## [Exercise directions]
Would you return, word for word, the lines running from the one with "Rapanui Cranberries Dipped" to the final line of the listing below, pictures omitted?

## [Excerpted data]
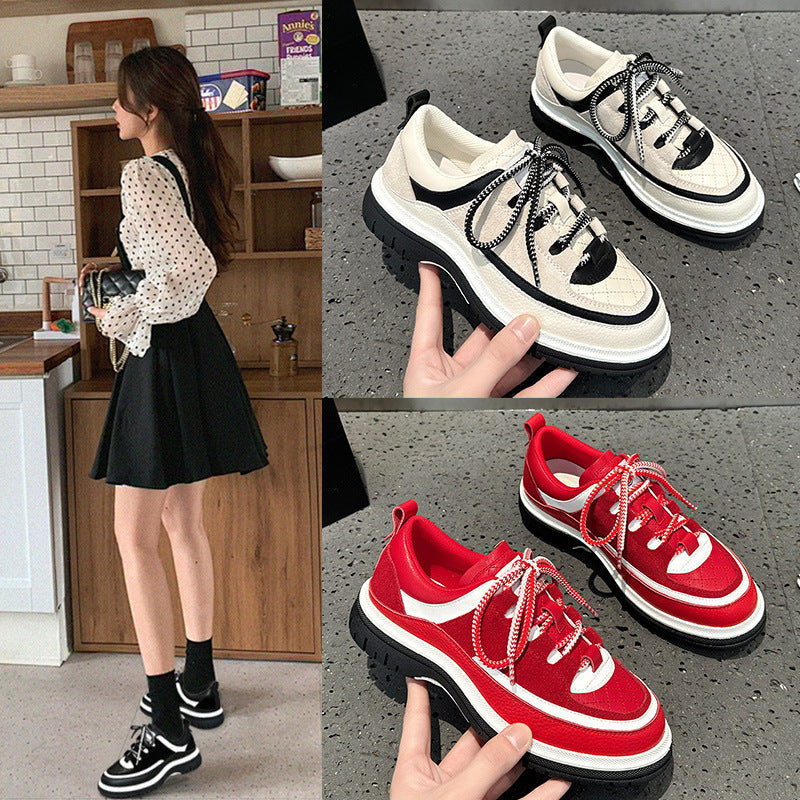 Women's Classic Style Platform Panda Fashion Casual Shoes
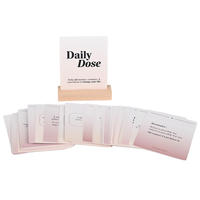 Cartes d'affirmation de l'amour-propre avec impression numérique sur papier couché pour la santé mentale, cartes flash pour la famille
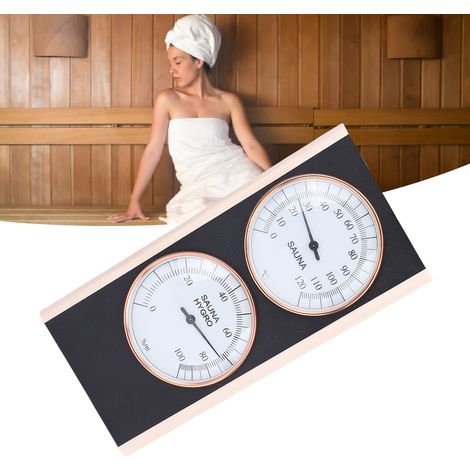 2-in-1 Badezimmer-Thermometer/Hygrometer aus Holz für Spa, Dusche und Bad (1/5)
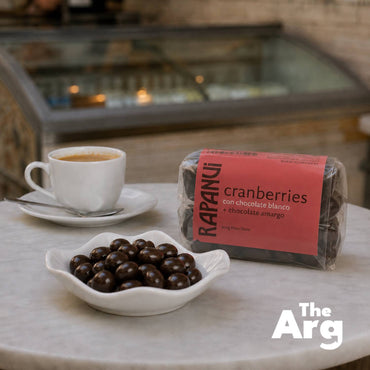 Rapanui Cranberries Dipped in White &amp; Dark Chocolate 100g | Argentine Chocolate Treat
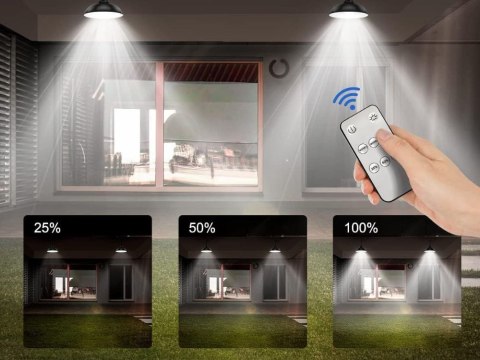 Lampa solarna led wisząca ogrodowa zewnętrzna z pilotem czujnik zmierzchu Lampa solarna led wisząca ogrodowa zewnętrzna z pilotem czujnik zmierzchu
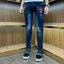 Quần Jeans nam xanh ĐẬM ác d/2 da đỏ có bốn cúc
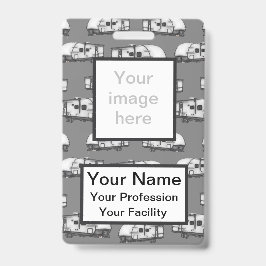 Aangepaste Campers - Grijze badge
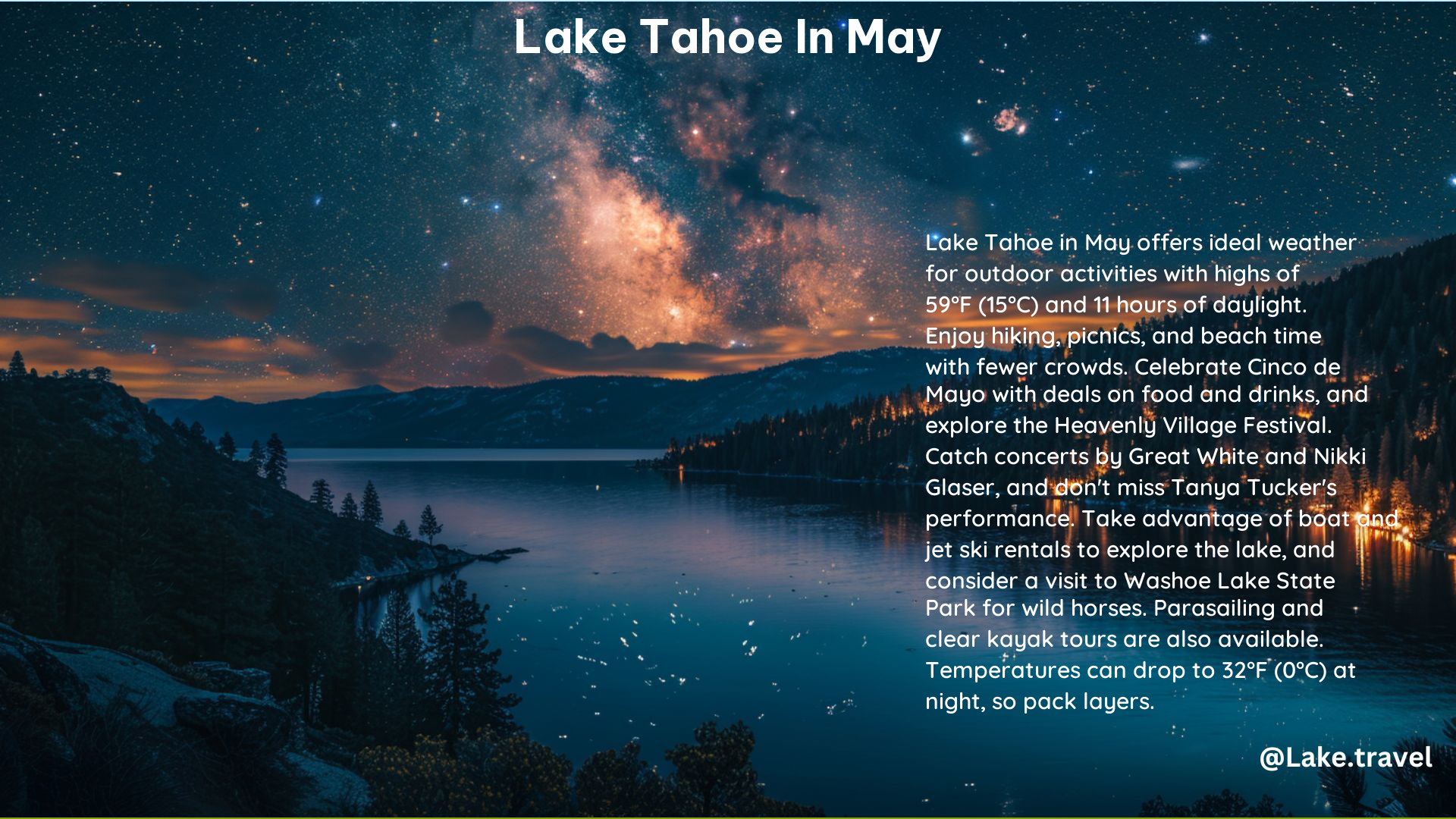 Lake Tahoe in May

## [Solution for this exercise]
 Rapanui Cranberries Dipped in White &amp; Dark Chocolate 100g | Argentine Chocolate Treat
 Lampa solarna led wisząca ogrodowa zewnętrzna z pilotem czujnik zmierzchu Lampa solarna led wisząca ogrodowa zewnętrzna z pilotem czujnik zmierzchu
 Quần Jeans nam xanh ĐẬM ác d/2 da đỏ có bốn cúc
 Aangepaste Campers - Grijze badge
 Lake Tahoe in May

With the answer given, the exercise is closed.